March 22, 2000
English professor and chair Geoffrey Harpham expects the report by the Committee on Faculty Evaluation and Reward Systems to provoke lively discussion, and he welcomes it.
"I hope that there's vigorous debate," says Harpham. "I want this report and these issues thoroughly aired, rather than simply passed on or passed over. And I expect that some parts will incite considerable controversy."
Harpham points to stacks of papers in his office,external publications, internal memos and material downloaded from the Internet,to show the research he and the 12 committee members,representing all the schools and colleges,sifted through and analyzed as they wrote their universitywide report, which addresses bedrock faculty issues such as tenure and rank.
President Scott Cowen and former provost Martha Gilliland commissioned the ad hoc committee report 15 months ago. Harpham presented the final report to Cowen in mid-February. It's on the Tulane Web site here and was on the agenda of the March 13 University Senate meeting. (An update on the senate response appeared in the April 1 Inside Tulane.)
At the heart of the report, Harpham says, is the committee's conviction that Tulane's "best interests" lie in maintaining and furthering its identity as a research university. Tulane is a member of the American Association of Universities, Harpham points out. As a member of this elite group, he says, Tulane must generate policies and procedures that are appropriate to a research university.
He says, "We insist that the university has the right to expect high performance in all three areas,research, teaching and service to the university community. However, we are a Research 1 university."
With the understanding that Tulane's "best future" is tied to its commitment to research, the committee has written new, quite specific, criteria for attaining tenure and the rank of associate professor.
The report states, "Tenure . . . should be reserved for those who[se] . . work has been widely perceived by their peers as outstanding." Among other guidelines, the committee recommends that no fewer than four external reviewers must evaluate the work of tenure-track professors.
Regarding full professors, the report states, "[They] play a critical role in determining the intellectual quality of the university. The rank of professor is reserved for those. . . who have demonstrated continuous intellectual development and leadership with respect to scholarly research."
Harpham says, "You don't get there by just enduring. You get there by accomplishment. A full professor in a research university should mean something. This is a title we should respect."
The report recognizes that each school and college and every academic department has its own "customs" in regard to tenure,and that they will continue to administer the process. But, Harpham says, the report states that "the university would be best served if the individual schools were unified by a number of principles held in common across the university."

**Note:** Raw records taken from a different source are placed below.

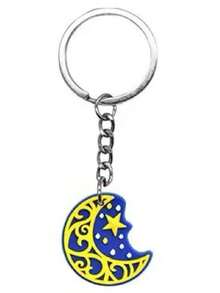 1pc PVC Eid Mubarak Keychain, Ramadan Islamic Keyring With Moon Star Mosque Pattern, Muslim Festival Bag Charm Gift - Multicolor - View 7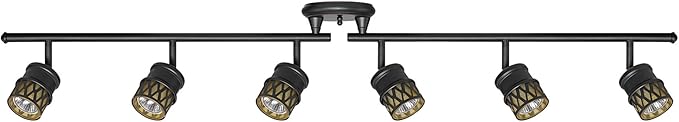 GLOBE Electric 59086 6-Light Foldable Track Lighting, Oil Rubbed Bronze Finish, Adjustable Champagne Glass Heads, Ceiling Light Fixture for Kitchen Island, or Dining Room, GU10 Base, Timeless
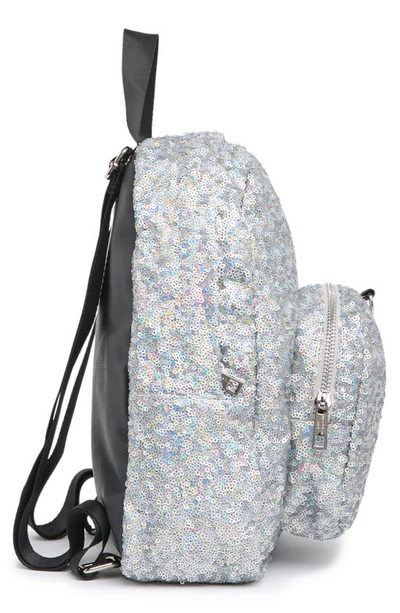 Shop Madden Girl Sequin Zip Backpack In Silver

The report extols the benefits of the tenure system to the university, particularly the fostering of faculty loyalty to the institution and its students. It also explores the historic,and contemporary,benefit to faculty in terms of freedom of speech and job protection.
Before he began work on the report, Harpham says his views on tenure were not nearly as crystallized or detailed as they are now. He says he was "completely innocent" of the sorts of pressure that the tenure system has come under from suspicious state legislators and hostile boards. He and the committee discovered that such attacks on tenure have occurred mainly at public institutions and at institutions "in search of an identity," but not at prestigious research universities.
At Tulane, with its "supportive and sophisticated" board, the tenure system does not face the same kinds of attacks, says Harpham. The report reiterates the value of tenure, stating that it "contributes greatly to the vitality and independence of the faculty, and thus to the mission of the university as a whole." To recognize faculty members for their outstanding research and exemplary performance in the other realms of their jobs,teaching and university service,the report proposes several new awards with financial compensation attached.
The report also includes a recommendation that the deans of each school identify, "on the basis of annual reports, the most productive one-quarter of the faculty of that school." These faculty members would then be eligible for increased compensation that would bring their salaries in closer alignment with institutions similar to Tulane.
To those who question the efficacy of assessing productivity of faculty members, Harpham would respond with the same reply he gives to those who perceive tenure as a mysterious or capricious process: "Tenure is only mysterious to those who want to compromise it. Yes, there are assessments, evaluations and judgments in the tenure process. These involve using intelligence. But, after all, using our intelligence is what we are about."